Sir Tim Hunt, the British Nobel Prize-winning scientist, seems to think that female scientists
disrupt laboratories because they’re emotional and sexual. Speaking recently at the World Conference of Science Journalists in South Korea, he said: “Let me tell you about my trouble with girls … three things happen when they are in the lab … You fall in love with them, they fall in love with you and when you criticise them, they cry.” He added that he was “in favour of single-sex labs” but “doesn’t want to stand in the way of women.”

As a scientist with more than 25 years experience of working in labs – and as someone who has met Sir Tim several times and found him to be a friendly, non-offensive, typical British eccentric – I find this bewildering. How can someone so intelligent make comments like that? Not just in front of a roomful of journalists, but at a lunch honouring women in science? It’s just farcical.

He has tried to apologise. Next morning, he told BBC Radio 4 that he was “really, really sorry I caused any offence”. He went on to say that he was just trying to be “honest” about his experience with “emotional entanglements,” which he had found “disruptive.” It sounds as if Sir Tim has had a lot of bad experiences. But he really didn’t need to air them. When you win a Nobel Prize, for better or worse, you become a role model. It is simply not appropriate to make comments like this – even if he was joking when he called himself a “chauvinist”.

We’ve made a lot of inroads with sexism in science. But we still have a long way to go and comments like this just don’t help. He may have been speaking honestly, and he’s entitled to his opinion, but I don’t agree with it. In labs, women do cry. I have cried. Yes, I’ve had a bit of a weep, gone to the loo and washed my face, and then got back on with my job. But equally I’ve seen men sobbing over their test tubes.

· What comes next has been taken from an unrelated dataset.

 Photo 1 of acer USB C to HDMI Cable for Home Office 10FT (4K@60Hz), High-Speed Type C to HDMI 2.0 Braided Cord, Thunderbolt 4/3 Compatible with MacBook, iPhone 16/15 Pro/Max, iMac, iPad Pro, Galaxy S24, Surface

I’ve also seen men make sexual advances on their co-workers, as well as the other way round. All it shows is that labs are full of human beings; emotional, passionate, competitive and working in a high-pressured situation. They’re thrown together in a very stressful environment. Of course, you’ll have romances and people may cry. That doesn’t mean great science isn’t being done. I’d argue that to be a great scientist you need to be passionate and have these qualities. That these can help make you a better scientist. The stereotype of the cold calculating ‘geek’ isn’t true – nor is the one about women being overly emotional.

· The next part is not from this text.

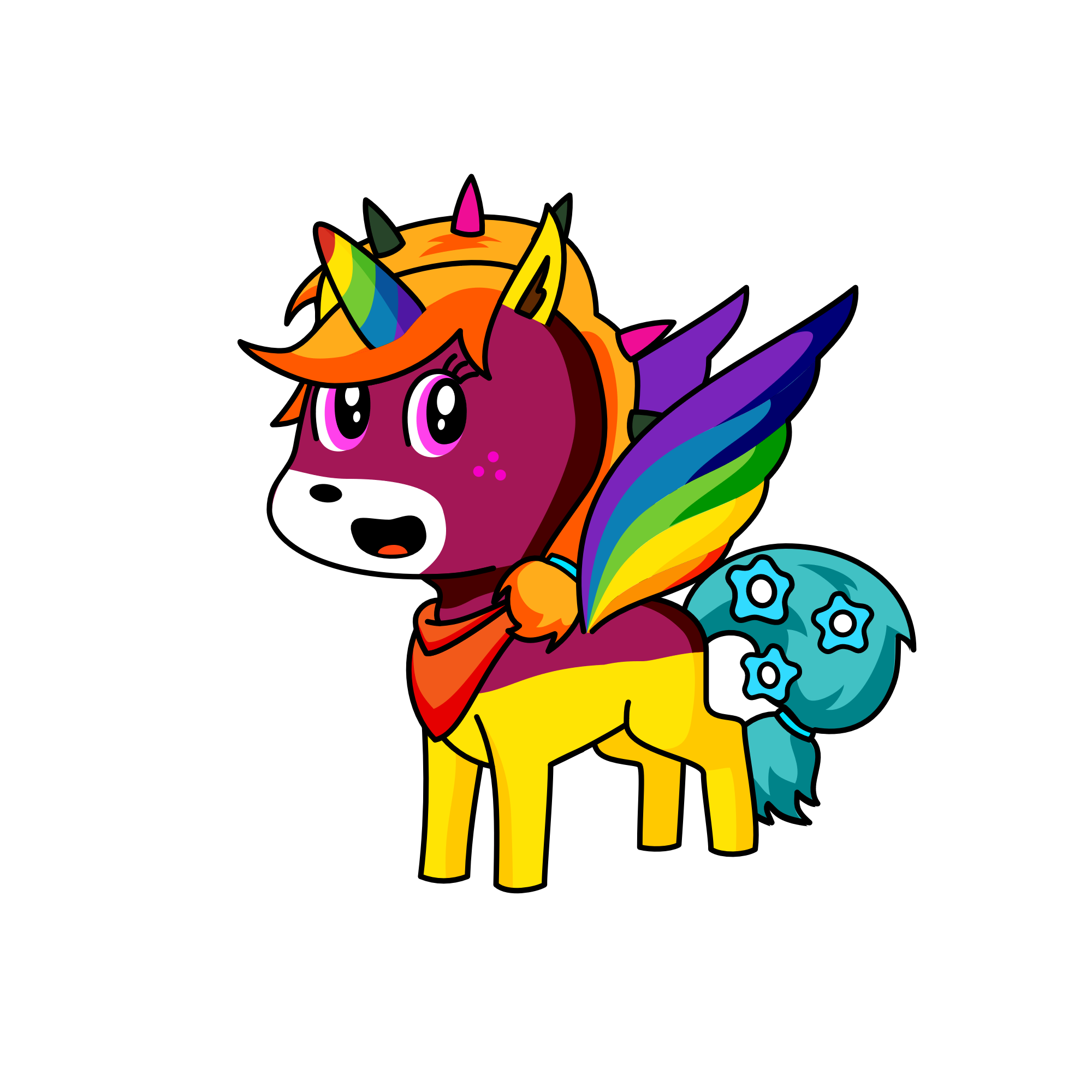 SPIKEY, the unicorn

Science has changed a lot over recent years. Overt sexism isn’t such a problem with the younger generation, and there are many measures in place to ensure women aren’t discriminated against. When I was 21, I was told to my face: “You shouldn’t be a scientist because women aren’t as analytical as men, so you should drop out now.” That would be much rarer today - but we still have problems. You go to conferences and the audience is equally split between men and women, but the panel is all-male and women don’t ask many questions. It gets to a point where everything around you is suggesting women are not equal.

The biggest problem we have now is unconscious bias. A number of studies show that given two equal candidates of both sexes, people will see the man as superior. Women have this bias as well. Why are there fewer women in science than men? When someone says ‘scientist’, the first thing that pops into you head is probably a man in a white lab coat. It’s the same for me and I am a scientist.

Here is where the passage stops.